I dunno tho - I always warn ppl that attempting to draw conclusions about ~how artists work in the studio~ is pretty much just fan fiction. I don't know that stuff is assembled on a laptop and looped?
I have actually been enjoying the live clips, but more as a replacement for going to some stadium show where you see 5 ants on a stage (I haven't seen them live since South Park) Actually seeing how the songs are constructed or reconstructed is quite interesting as a music geek.
That version of Give Up The Ghost is p heartbreaking - becoming my favourite on the album - also shows it as not being constructed on a laptop but on a reel to reel tape recorder with all its wonky fallibility which I love.
― White Chocolate Cheesecake, Monday, 16 January 2012 21:27 (twelve years ago) link
If I remember correctly they had a video podcast thing a while ago that I must have subscribed to and downloaded. Was this the From the Basement videos? If so, I think they're on my home computer and I should get around to watching the whole thing sometime.

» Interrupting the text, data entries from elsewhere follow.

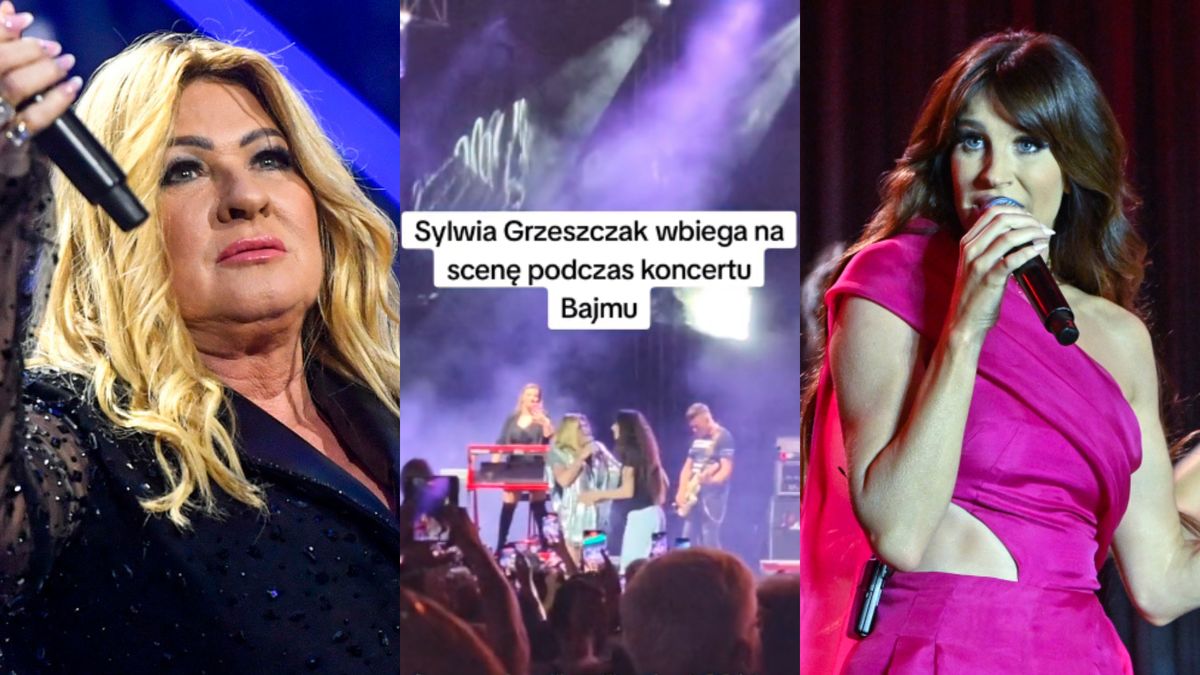 Beata Kozidrak i Sylwia Grzeszczak na jednej scenie. Powód był szczególny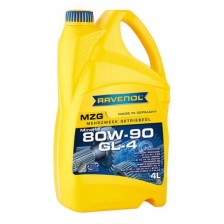 Transmisijos alyva RAVENOL MZG 80W90 4L
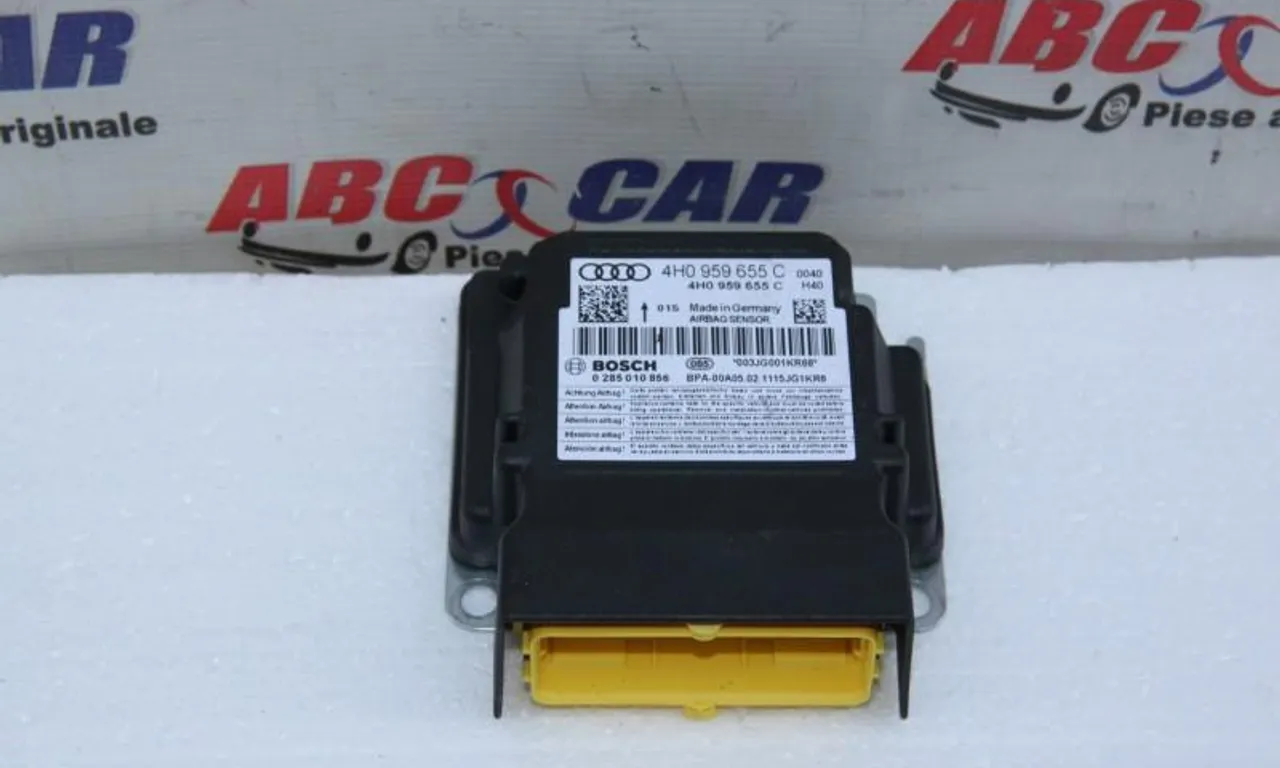 Modul airbag AUDI A6 C7 2010-2019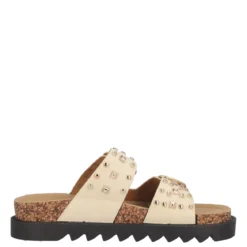 Ciabatte Donna Beige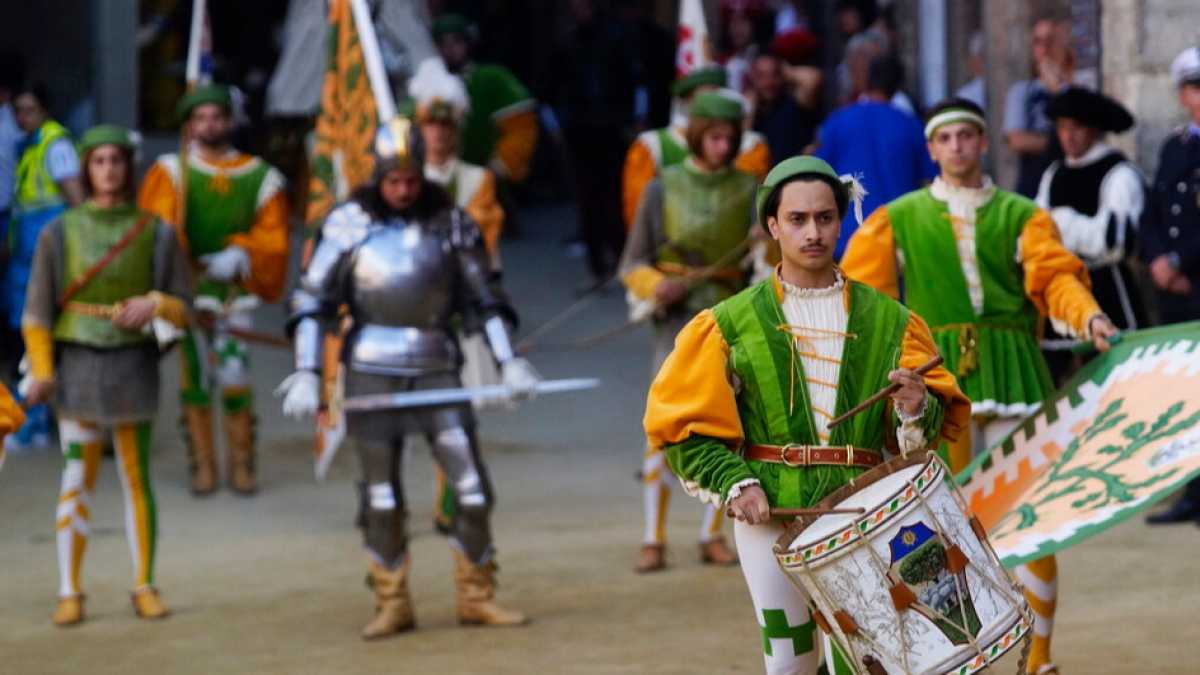 Immagine di Il Palio di Siena non si correrà per la prima volta dalla Seconda Guerra mondiale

― mh, Monday, 16 January 2012 21:29 (twelve years ago) link
I guess my (confusing) point is that much of KoL, particularly the first half of the album, sounds like laptop loops, regardless of whether the loops were programmed directly into the laptop or extracted from longer live takes. Whereas the live versions reveal more of the human hand behind the repetition.
― your pain is probably equal (Z S), Monday, 16 January 2012 21:42 (twelve years ago) link
weird how people use "laptop" as synonymous with making electronic music. most studios run desktops, you know? i guess it's from dudes always having macs on stage.
― the third kind of dubstep (Jordan), Monday, 16 January 2012 21:47 (twelve years ago) link
I could kind of see them doing some of the looping bits at the mixing desk, but as for composition, I'd guess it's more likely they'd just play with hardware looping pedals and such in the studio.